More Americans Now Say Congress Should Do What Trump Wants, Poll Finds

Ivan Pentchoukov
By Ivan Pentchoukov
January 10, 2019US News
More Americans Now Say Congress Should Do What Trump Wants, Poll Finds
President Donald Trump and Vice President Mike Pence arrive at the U.S. Capitol to attend the weekly Republican Senate policy luncheon in Washington, DC., on Jan. 09, 2019. (AP)

More American voters want Congress to follow President Donald Trump’s lead this year compared to last year, according to a survey released on Jan. 9 by Ramussen, one of the most accurate pollsters in predicting the outcome of the 2016 election.

In a survey gauging the views of likely U.S. voters about the year ahead, 41 percent said that Congress should do more of what Trump wants. That is a 12 percent increase compared to the same time last year, according to Rasmussen.

Meanwhile, the number of Americans who want Trump to do more of what Congress wants has decreased by 8 percent from last year to 48 percent. Twelve percent of the respondents were undecided.

On the day the poll was released, Trump’s re-election campaign manager, Brad Parscale, said the president’s overall job approval rating had reached the highest point since the campaign began tracking it.

“Just received my newest voter score tracking from my team. [Trump] has reached his highest national approval rating since I started tracking. [The Democrats] have really made a mistake going with their gut over data,” Parscale wrote on Twitter.

Trump and congressional Democrats are in a standoff about funding for a border security package. The impasse has resulted in a partial government shutdown, which has lasted for almost three weeks.

Many Americans believe there is a crisis on the Southwest border, according to a survey published by Morning Consult on Jan. 8. The vast majority, regardless of party affiliation, said there is either a crisis or a problem on the border.

Americans are still split on whether a border wall is a good idea.
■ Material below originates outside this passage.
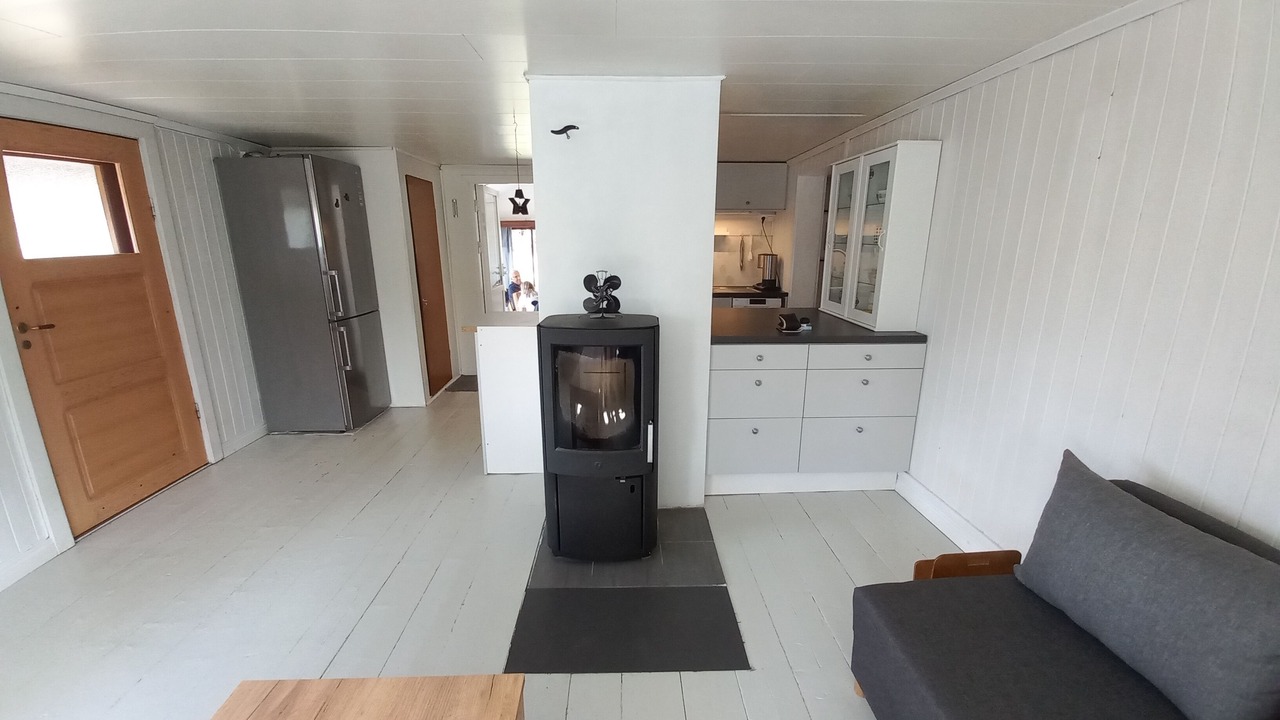 Photo of Livingroom in Nyaker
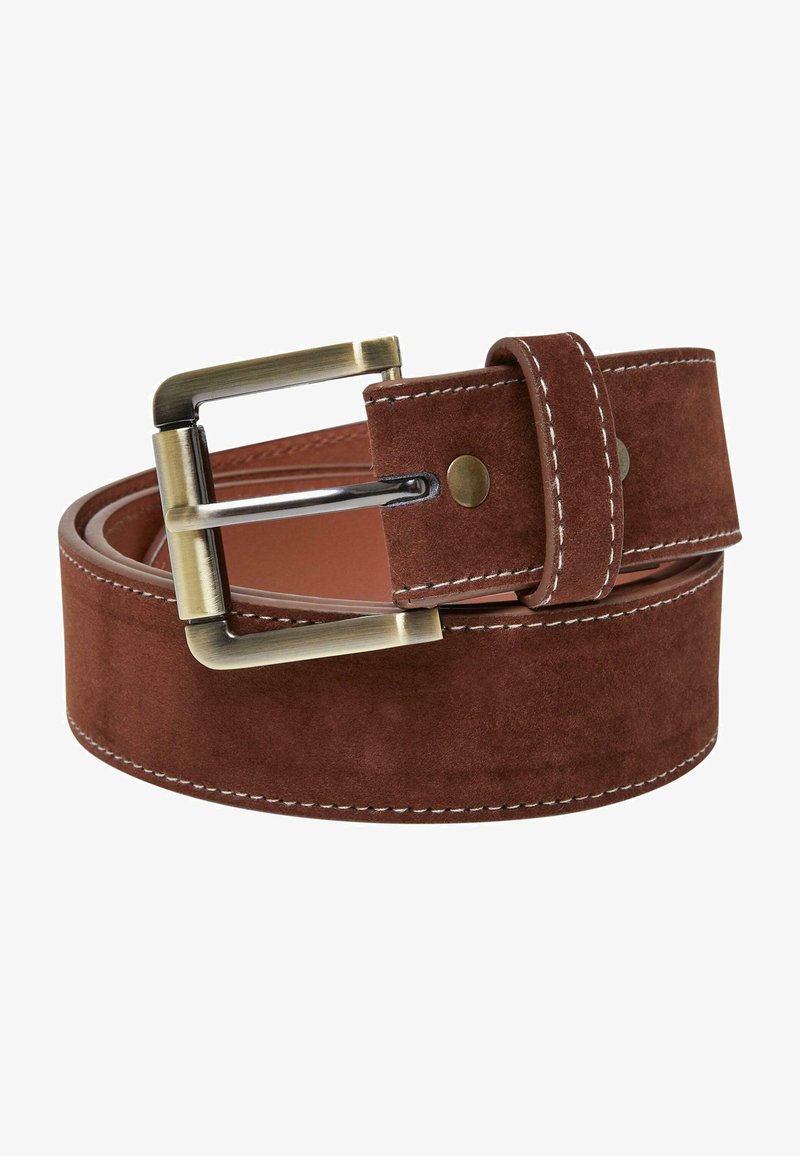 Urban Classics UNISEX - Cinturón - brown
While 44 percent support building a wall on the Southwestern border, 47 percent oppose the idea.

In their public messaging, Democrats seize the image of the wall to appeal to Americans. Republicans continue to point out that the impasse is over a border security package, which includes funds for wall construction alongside funding for more border patrol agents, immigration judges, and a screening technology for ports of entry.

“One of the biggest misdirection tactics you’re seeing from the left: they’re pretending President Trump is ONLY asking for a wall. This is not true. The [White House] has requested more personnel, technology, etc., all things we need too. Wall funding is a necessary PART of the solution,” Rep. Mark Meadows (R-N.C.) wrote on Twitter.

Prior to the midterm elections in November, 52 percent of voters surveyed by Rasmussen said that it would be better for the country if Congress worked with Trump, rather than oppose him.

Trump’s request for border security funding has overwhelming support among Republicans in Congress. But in order to pass the Senate, the spending bill requires the votes of at least seven Democrats.

On Jan. 9, congressional Democrat leaders refused to negotiate a deal.

“Just left a meeting with Chuck and Nancy, a total waste of time,” Trump wrote on Twitter, referring to House Speaker Nancy Pelosi (D-Calif.) and Senate Minority Leader Chuck Schumer (D-N.Y.).

“I asked what is going to happen in 30 days if I quickly open things up, are you going to approve Border Security, which includes a Wall or Steel Barrier? Nancy said, NO. I said bye-bye, nothing else works!”

Trump visited the southwest border on Jan. 10.